[Short descriptive text snippets]
Content starts

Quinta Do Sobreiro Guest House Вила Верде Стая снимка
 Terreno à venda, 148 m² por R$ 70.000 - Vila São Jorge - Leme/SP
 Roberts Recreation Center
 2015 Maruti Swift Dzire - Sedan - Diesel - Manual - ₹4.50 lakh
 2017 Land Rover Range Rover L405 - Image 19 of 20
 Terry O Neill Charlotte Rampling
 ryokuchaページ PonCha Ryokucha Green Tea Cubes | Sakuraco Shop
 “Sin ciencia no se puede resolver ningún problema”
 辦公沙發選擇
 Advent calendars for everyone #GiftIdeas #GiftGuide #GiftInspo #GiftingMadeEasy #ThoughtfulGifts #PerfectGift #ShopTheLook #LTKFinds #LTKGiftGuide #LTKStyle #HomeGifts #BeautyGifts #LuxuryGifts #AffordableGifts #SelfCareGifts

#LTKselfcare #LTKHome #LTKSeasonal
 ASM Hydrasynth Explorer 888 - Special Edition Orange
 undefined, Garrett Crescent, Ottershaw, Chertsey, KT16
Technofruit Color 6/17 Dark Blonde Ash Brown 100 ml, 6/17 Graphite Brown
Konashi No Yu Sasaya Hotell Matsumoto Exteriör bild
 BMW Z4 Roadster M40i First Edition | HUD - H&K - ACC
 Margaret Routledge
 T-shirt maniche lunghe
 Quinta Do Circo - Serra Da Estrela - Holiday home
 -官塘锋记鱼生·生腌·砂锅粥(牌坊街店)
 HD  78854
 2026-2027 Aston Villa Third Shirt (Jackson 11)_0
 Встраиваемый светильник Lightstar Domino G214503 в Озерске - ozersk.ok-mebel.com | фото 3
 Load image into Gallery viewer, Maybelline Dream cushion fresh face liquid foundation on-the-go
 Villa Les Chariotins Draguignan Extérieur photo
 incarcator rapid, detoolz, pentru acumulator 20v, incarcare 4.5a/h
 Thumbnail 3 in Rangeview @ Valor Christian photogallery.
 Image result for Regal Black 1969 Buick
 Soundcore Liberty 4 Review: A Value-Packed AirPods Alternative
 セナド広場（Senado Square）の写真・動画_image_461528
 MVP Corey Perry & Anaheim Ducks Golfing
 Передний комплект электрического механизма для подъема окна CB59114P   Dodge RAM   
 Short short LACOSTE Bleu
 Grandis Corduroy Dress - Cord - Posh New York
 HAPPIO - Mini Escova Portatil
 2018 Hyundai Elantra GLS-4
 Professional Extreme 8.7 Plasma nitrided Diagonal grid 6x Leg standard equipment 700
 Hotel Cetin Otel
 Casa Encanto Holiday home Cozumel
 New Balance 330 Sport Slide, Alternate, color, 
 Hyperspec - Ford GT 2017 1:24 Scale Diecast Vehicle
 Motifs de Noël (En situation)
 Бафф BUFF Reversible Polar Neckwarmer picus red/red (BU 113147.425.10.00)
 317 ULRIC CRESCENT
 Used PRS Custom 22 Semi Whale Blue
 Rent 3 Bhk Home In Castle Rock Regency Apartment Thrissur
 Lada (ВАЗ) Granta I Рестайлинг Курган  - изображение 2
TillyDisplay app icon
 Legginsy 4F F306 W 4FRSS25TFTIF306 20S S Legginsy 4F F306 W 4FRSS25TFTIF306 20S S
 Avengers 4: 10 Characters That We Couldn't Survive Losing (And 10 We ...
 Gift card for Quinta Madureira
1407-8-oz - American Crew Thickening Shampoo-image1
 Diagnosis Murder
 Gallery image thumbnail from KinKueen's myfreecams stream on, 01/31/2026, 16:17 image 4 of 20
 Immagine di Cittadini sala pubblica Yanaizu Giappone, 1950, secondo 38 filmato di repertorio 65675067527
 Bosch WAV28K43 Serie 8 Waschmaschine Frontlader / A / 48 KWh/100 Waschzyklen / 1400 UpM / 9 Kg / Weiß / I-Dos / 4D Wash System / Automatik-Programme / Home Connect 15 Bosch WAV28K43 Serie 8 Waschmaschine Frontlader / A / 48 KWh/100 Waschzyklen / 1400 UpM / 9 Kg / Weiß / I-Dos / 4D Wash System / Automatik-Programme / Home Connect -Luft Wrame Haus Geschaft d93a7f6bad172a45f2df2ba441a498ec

Content ends

▸ Task item: Search the data above for the word "Holiday" and count the lines where it appears. Only the number should be given.

▸ Task answer: 2